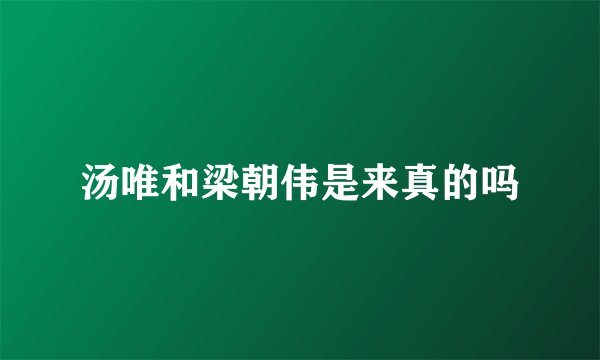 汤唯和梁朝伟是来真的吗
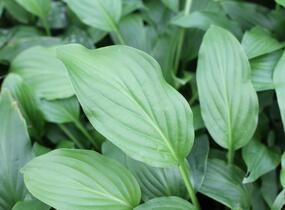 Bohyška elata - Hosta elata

* * *

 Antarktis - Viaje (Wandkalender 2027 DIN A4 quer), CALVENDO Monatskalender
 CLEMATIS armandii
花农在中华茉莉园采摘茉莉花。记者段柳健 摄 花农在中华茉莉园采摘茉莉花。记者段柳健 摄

* * *

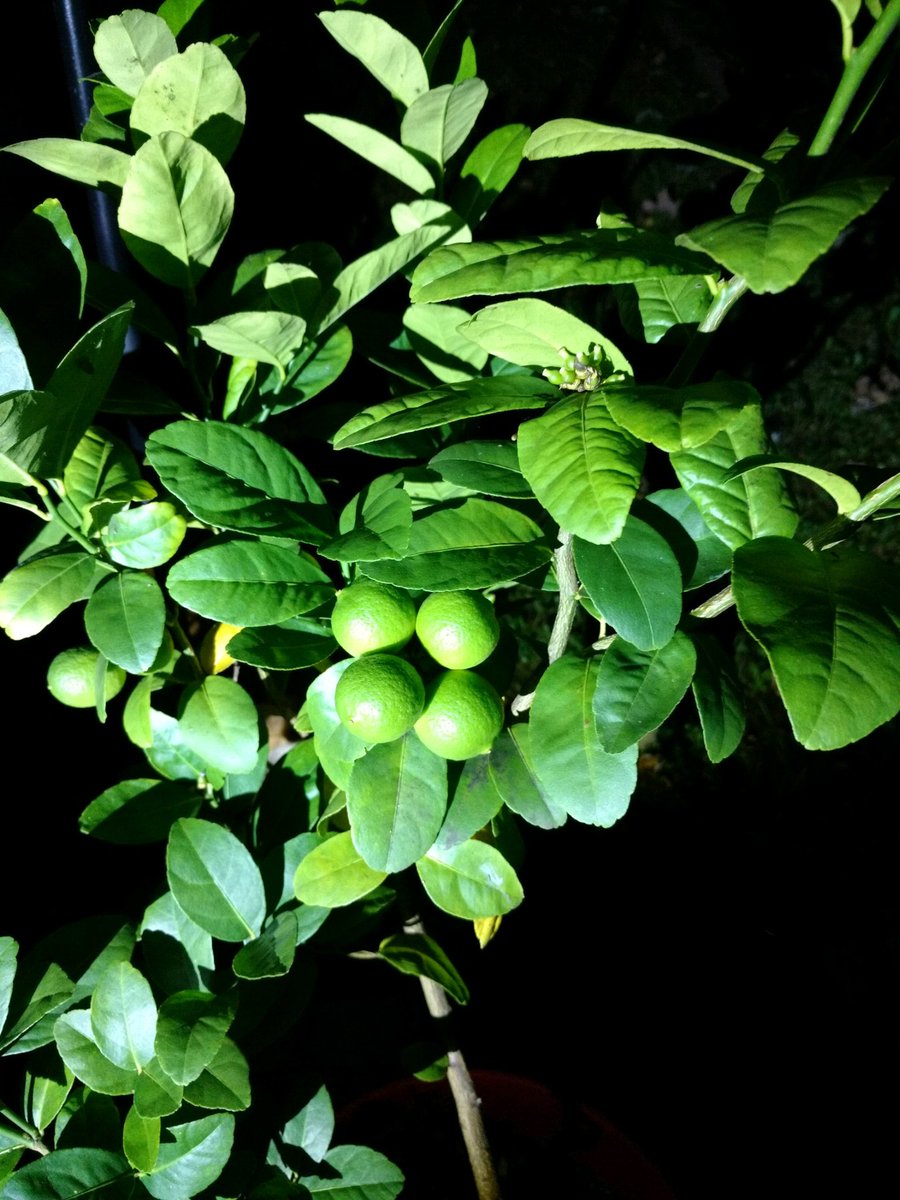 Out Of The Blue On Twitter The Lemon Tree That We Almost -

Problem description –
Reproduce the entries above exactly, but only the lines between the line holding "Antarktis - Viaje" and the line holding "花农在中华茉莉园采摘茉莉花。记者段柳健 摄 花农在中华茉莉园采摘茉莉花。记者段柳健 摄", inclusive.

Response box –
 Antarktis - Viaje (Wandkalender 2027 DIN A4 quer), CALVENDO Monatskalender
 CLEMATIS armandii
花农在中华茉莉园采摘茉莉花。记者段柳健 摄 花农在中华茉莉园采摘茉莉花。记者段柳健 摄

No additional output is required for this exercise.